▶ About this task: Pictures in the records below must be left out. Return exactly the lines from the line with "Calex Slimme LED" to the line with "Lightweight Cotton Vintage", both included.

▶ Material for this task:
· · · · ·
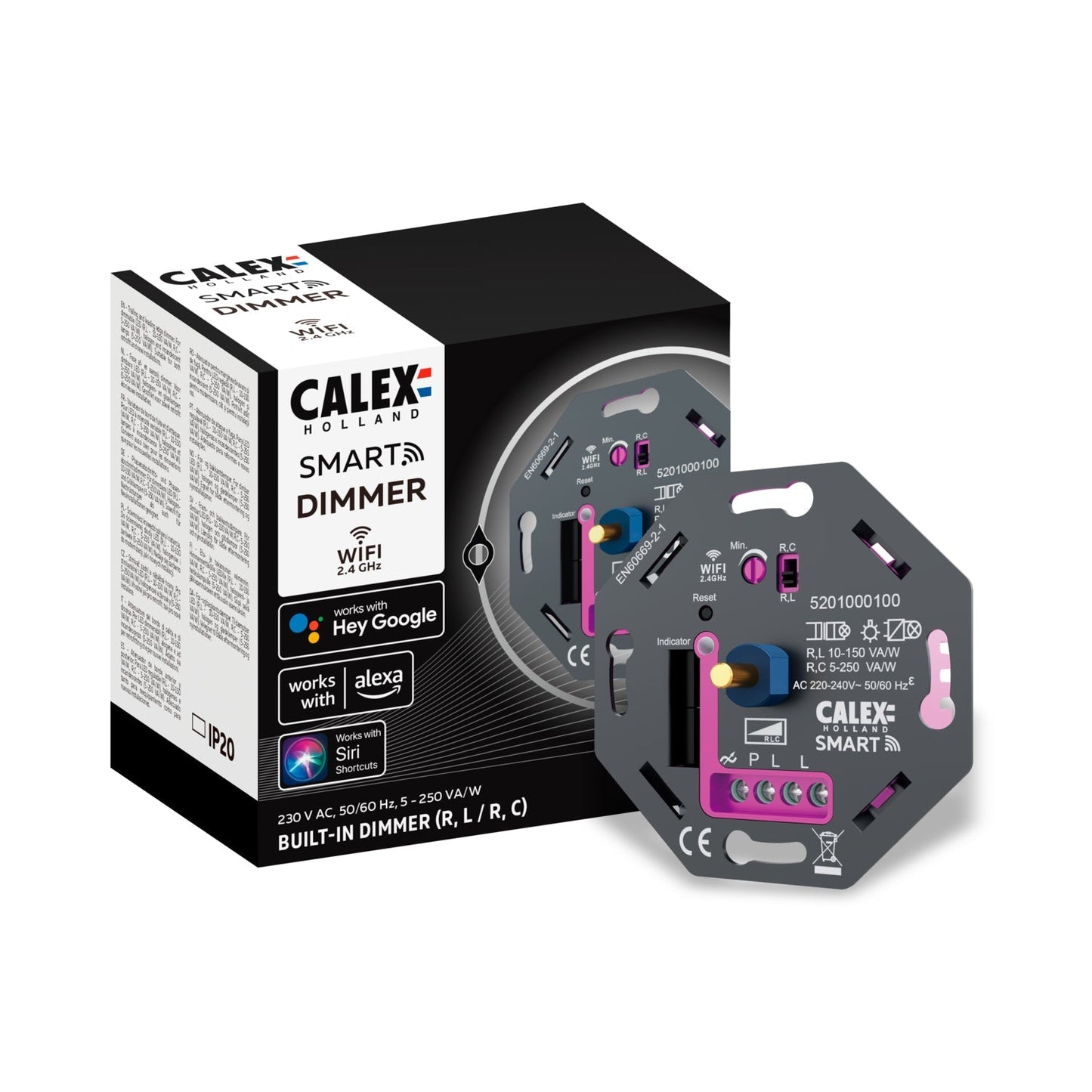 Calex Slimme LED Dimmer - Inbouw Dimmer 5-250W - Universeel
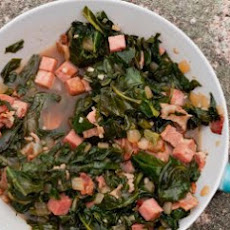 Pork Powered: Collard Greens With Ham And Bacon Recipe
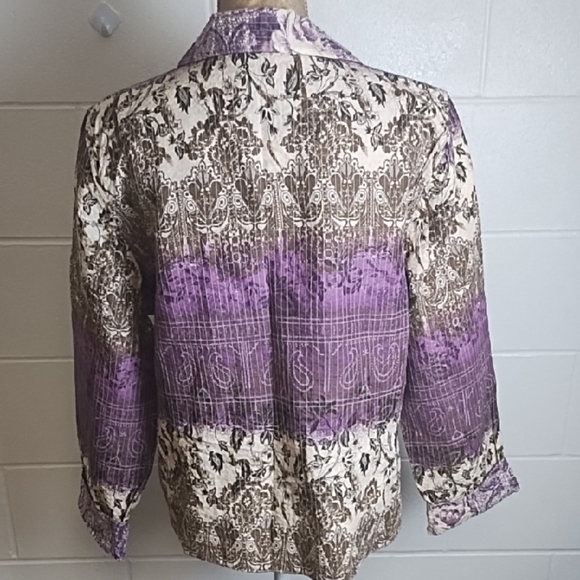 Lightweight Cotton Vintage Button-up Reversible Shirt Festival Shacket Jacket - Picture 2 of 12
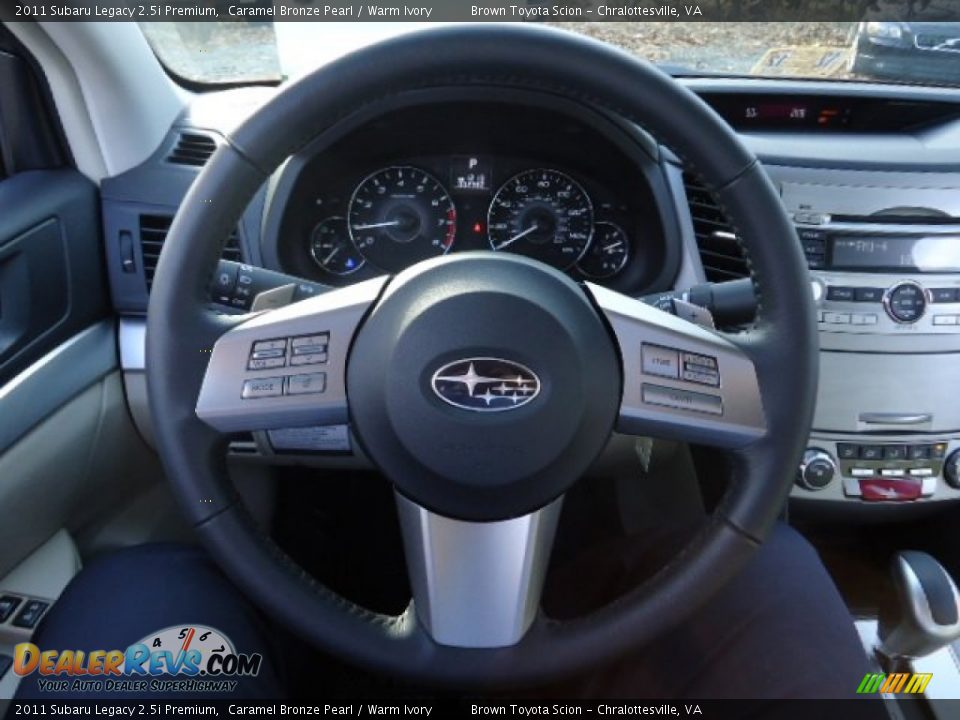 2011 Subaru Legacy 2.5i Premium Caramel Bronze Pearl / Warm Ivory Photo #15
· · · · ·
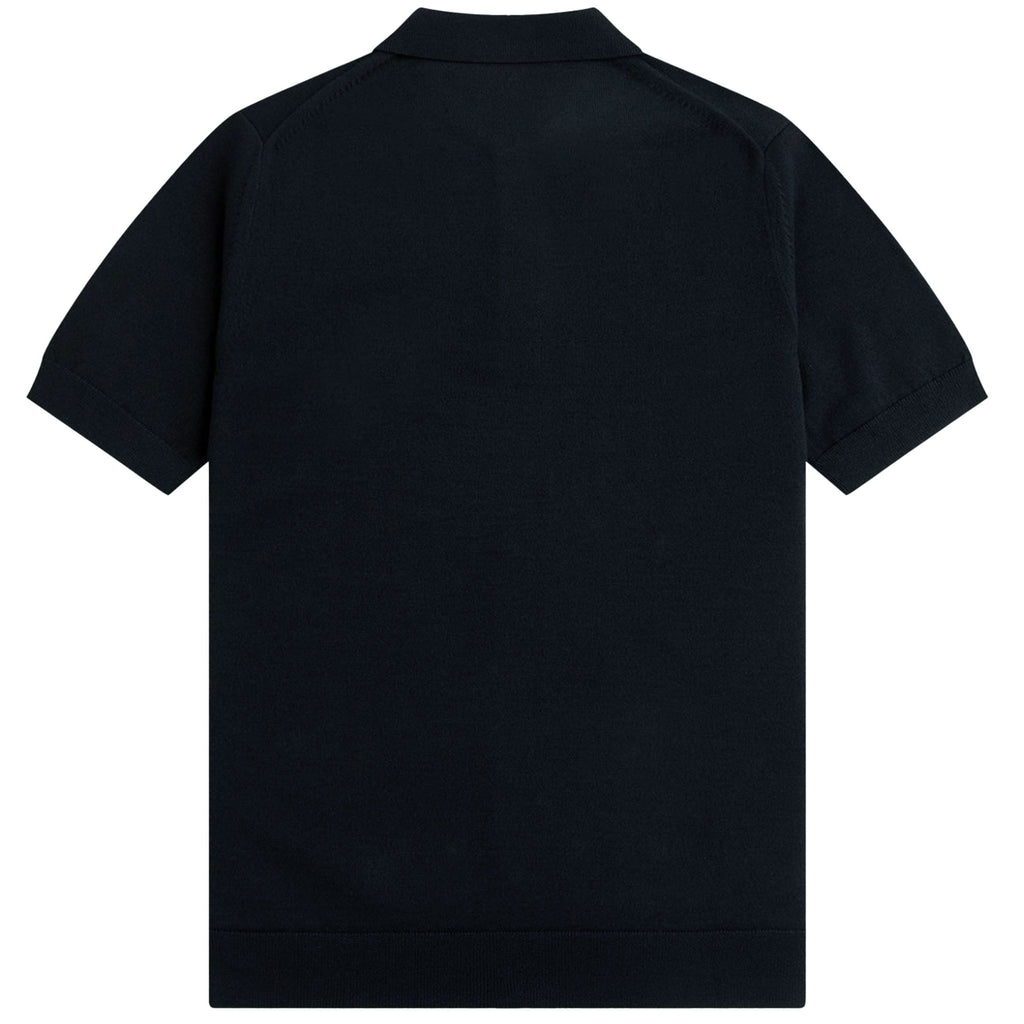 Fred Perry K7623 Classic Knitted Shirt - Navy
· · · · ·
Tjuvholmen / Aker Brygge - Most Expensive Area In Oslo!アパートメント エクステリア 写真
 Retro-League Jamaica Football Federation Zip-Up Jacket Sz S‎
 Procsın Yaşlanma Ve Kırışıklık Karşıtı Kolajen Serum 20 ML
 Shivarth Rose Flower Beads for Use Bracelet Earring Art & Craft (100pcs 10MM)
· · · · ·
▶ Answer to the problem:
 Calex Slimme LED Dimmer - Inbouw Dimmer 5-250W - Universeel
 Pork Powered: Collard Greens With Ham And Bacon Recipe
 Lightweight Cotton Vintage Button-up Reversible Shirt Festival Shacket Jacket - Picture 2 of 12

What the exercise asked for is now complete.